Large language models (LLMs) have shown significant potential for robotics applications, particularly task planning, by harnessing their language comprehension and text generation capabilities. However, in applications such as household robotics, a critical gap remains in the personalization of these models to individual user preferences. We introduce LLM-Personalize, a novel framework with an optimization pipeline designed to personalize LLM planners for household robotics. Our LLM-Personalize framework features an LLM planner that performs iterative planning in multi-room, partially-observable household scenarios, making use of a scene graph constructed with local observations. The generated plan consists of a sequence of high-level actions which are subsequently executed by a controller. Central to our approach is the optimization pipeline, which combines imitation learning and iterative self-training to personalize the LLM planner. In particular, the imitation learning phase performs initial LLM alignment from demonstrations, and bootstraps the model to facilitate effective iterative self-training, which further explores and aligns the model to user preferences. We evaluate LLM-Personalize on Housekeep, a challenging simulated real-world 3D benchmark for household rearrangements, and show that LLM-Personalize achieves more than a 30 percent increase in success rate over existing LLM planners, showcasing significantly improved alignment with human preferences. Project page: https://gdg94.github.io/projectllmpersonalize/.

Figures (6)

• Figure 1: Illustration of LLM-Personalize. Agent architecture: The Context Generator constructs and updates a scene graph from local observations. The LLM Planner uses the graph to produce a plan as a sequence of high-level actions, and iteratively re-plans when the previous plan has been executed. Each high-level action is translated to a sequence of control actions and executed by the Controller. To personalize the LLM Planner, we introduce an optimization pipeline integrating imitation learning and iterative reinforced Self-Training to fine-tune and align the planner with user preferences.

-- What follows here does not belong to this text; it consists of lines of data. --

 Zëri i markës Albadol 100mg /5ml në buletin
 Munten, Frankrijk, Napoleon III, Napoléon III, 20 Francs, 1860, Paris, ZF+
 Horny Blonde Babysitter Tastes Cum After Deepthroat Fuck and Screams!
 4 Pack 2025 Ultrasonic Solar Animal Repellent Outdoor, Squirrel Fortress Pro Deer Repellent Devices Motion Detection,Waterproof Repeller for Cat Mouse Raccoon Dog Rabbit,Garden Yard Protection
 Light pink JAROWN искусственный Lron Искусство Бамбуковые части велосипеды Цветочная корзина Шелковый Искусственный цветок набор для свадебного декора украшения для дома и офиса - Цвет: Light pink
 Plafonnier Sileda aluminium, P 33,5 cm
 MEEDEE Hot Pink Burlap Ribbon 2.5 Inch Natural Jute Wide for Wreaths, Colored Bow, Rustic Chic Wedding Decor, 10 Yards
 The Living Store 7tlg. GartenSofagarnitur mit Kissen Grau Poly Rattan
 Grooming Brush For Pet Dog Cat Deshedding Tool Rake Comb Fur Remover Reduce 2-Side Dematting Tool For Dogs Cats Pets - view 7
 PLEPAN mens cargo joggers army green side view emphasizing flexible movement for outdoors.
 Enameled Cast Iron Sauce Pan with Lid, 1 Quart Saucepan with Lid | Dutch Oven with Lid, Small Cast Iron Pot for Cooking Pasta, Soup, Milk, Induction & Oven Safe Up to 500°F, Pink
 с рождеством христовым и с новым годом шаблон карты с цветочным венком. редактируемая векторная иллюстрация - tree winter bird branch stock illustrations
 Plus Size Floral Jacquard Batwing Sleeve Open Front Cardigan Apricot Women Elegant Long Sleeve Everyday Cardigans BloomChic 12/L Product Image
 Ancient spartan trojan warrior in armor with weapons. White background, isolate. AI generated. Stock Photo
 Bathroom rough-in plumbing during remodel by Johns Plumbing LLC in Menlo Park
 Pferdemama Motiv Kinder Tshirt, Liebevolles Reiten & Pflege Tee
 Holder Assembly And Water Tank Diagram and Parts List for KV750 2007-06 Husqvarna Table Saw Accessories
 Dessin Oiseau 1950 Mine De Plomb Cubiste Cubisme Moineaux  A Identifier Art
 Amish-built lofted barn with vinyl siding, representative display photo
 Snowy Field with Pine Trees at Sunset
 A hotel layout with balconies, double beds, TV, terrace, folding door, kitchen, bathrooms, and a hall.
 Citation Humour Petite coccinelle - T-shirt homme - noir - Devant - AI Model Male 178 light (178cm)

• Figure 2: The Context generator builds and updates the graph of the household state of rooms, receptacles and objects, derived from the robot's local observations at each timestep. The information is provided as a prompt to the LLM planner. Top-down view of the scene is for illustration only, the robot only has access to the 1st-person view.
• Figure 3: Optimization pipeline of LLM-Personalize using imitation learning and iterative reinforced Self-Training.
• Figure 4: The Housekeep scenes used in our experiment.
• Figure 5: Demonstration of four planning iterations generated and executed by LLM-Personalize (top row) and the resulting graphs (bottom row) on a test task in Housekeep. Green/red object (leaf) nodes indicate correct/wrong placements. The object being moved is shown in boldface. This episode starts with 2 correctly placed objects and 5 misplaced objects (left), and changed to 6 correctly placed objects and only 1 misplaced objects after rearrangements (right). For clarity, the graphs only show receptacles with objects and omit all other receptacles.